TASK DIRECTIONS: What are the lines, copied exactly, from the one containing "Cuerdas para Guitarra" through the final line of the material? Leave the pictures out.

DATA BELOW:
▼▼▼
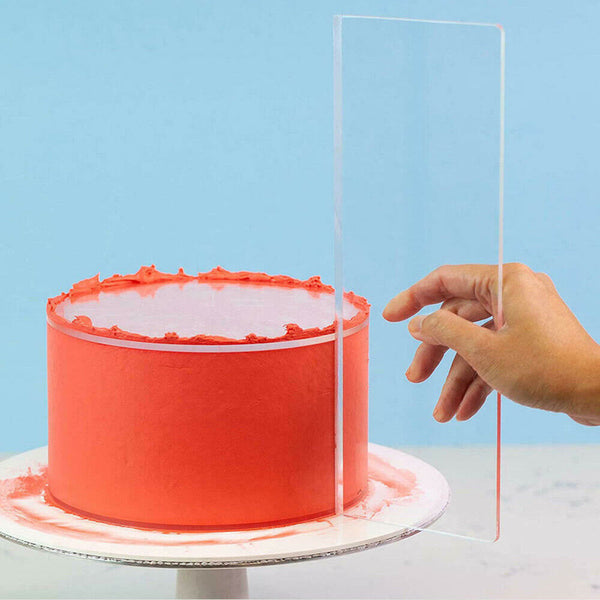 Clear Acrylic Cake Scraper Smoother Stripes Edge Side Cake Scraper Frosting Comb - Lets Party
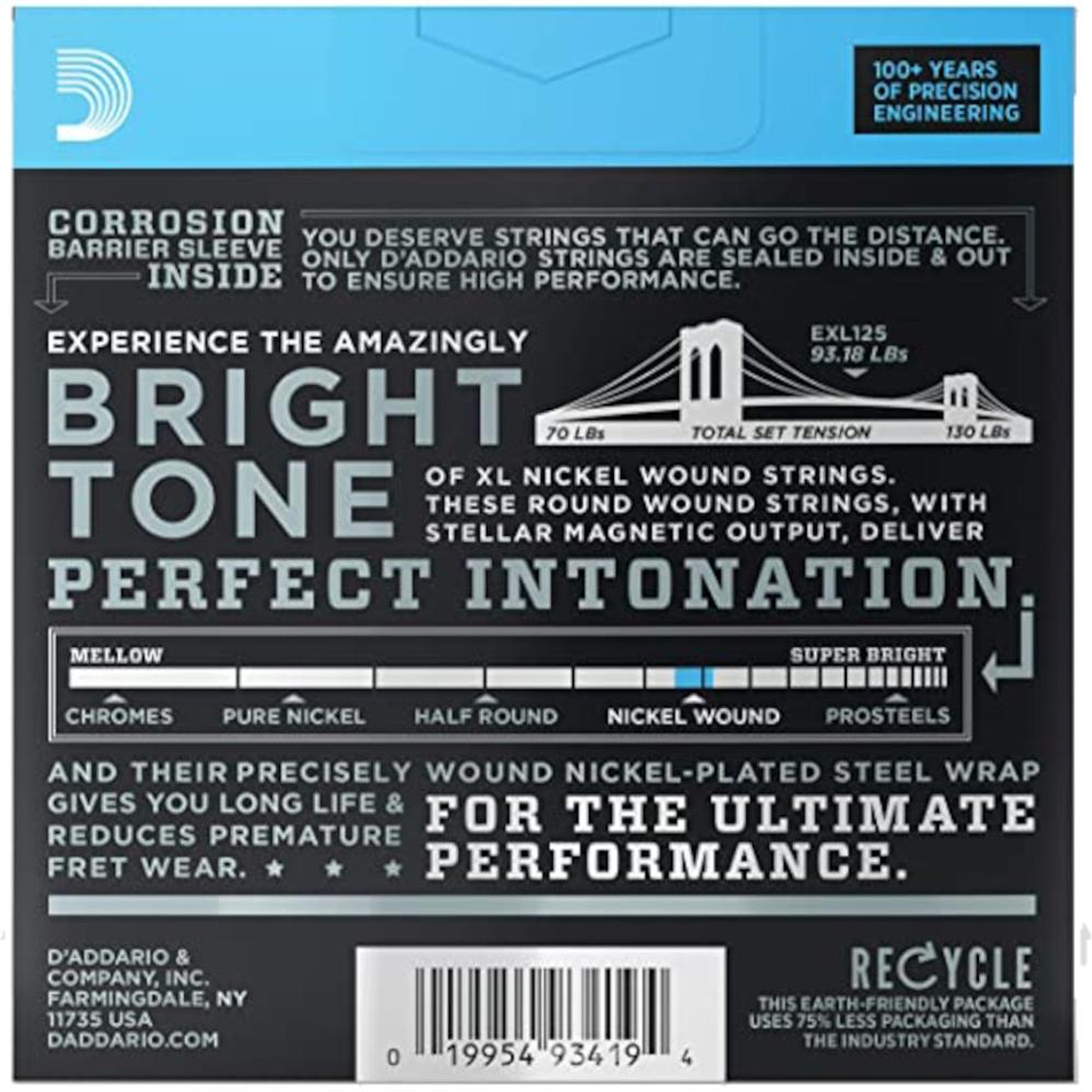 Cuerdas para Guitarra Electrica D'Addario EXL125 2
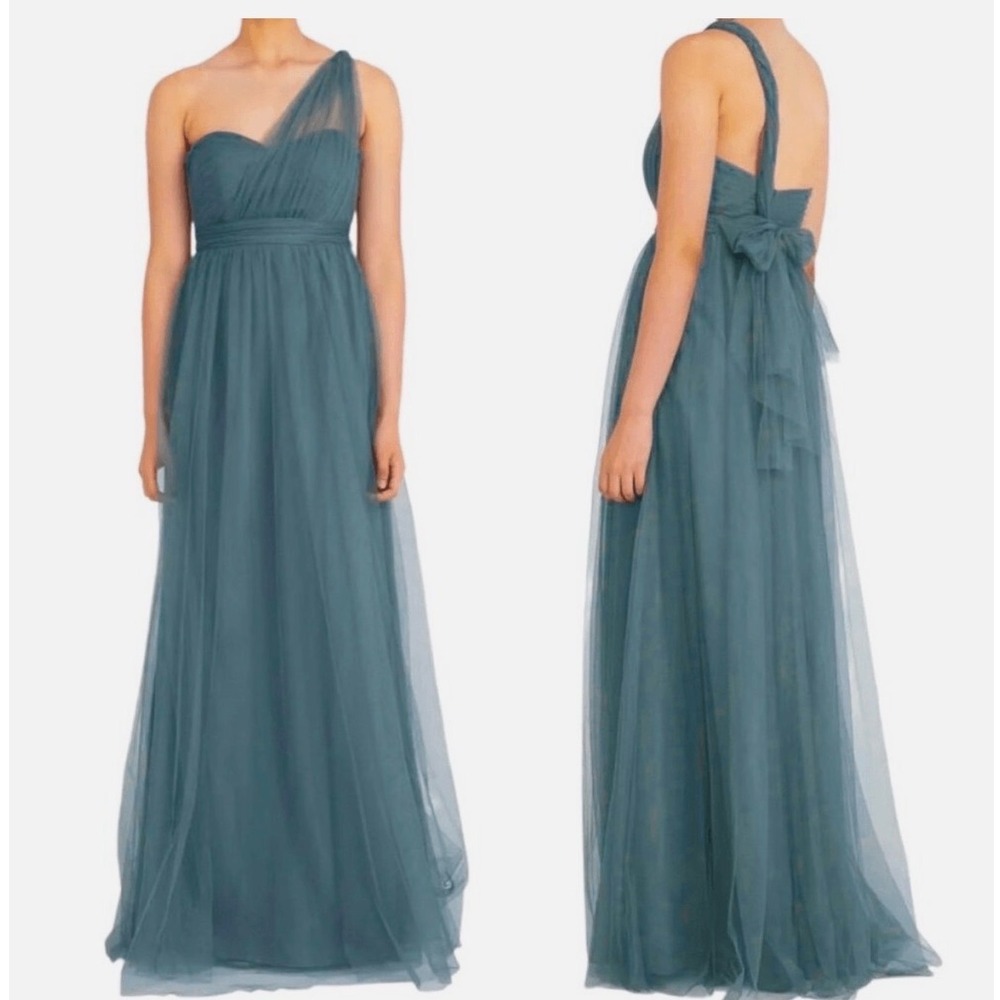 3283 | Jenny Yoo Annabelle Convertible Tulle Gown Vintage Teal Women 16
▲▲▲
TASK ANSWER:
 Cuerdas para Guitarra Electrica D'Addario EXL125 2
 3283 | Jenny Yoo Annabelle Convertible Tulle Gown Vintage Teal Women 16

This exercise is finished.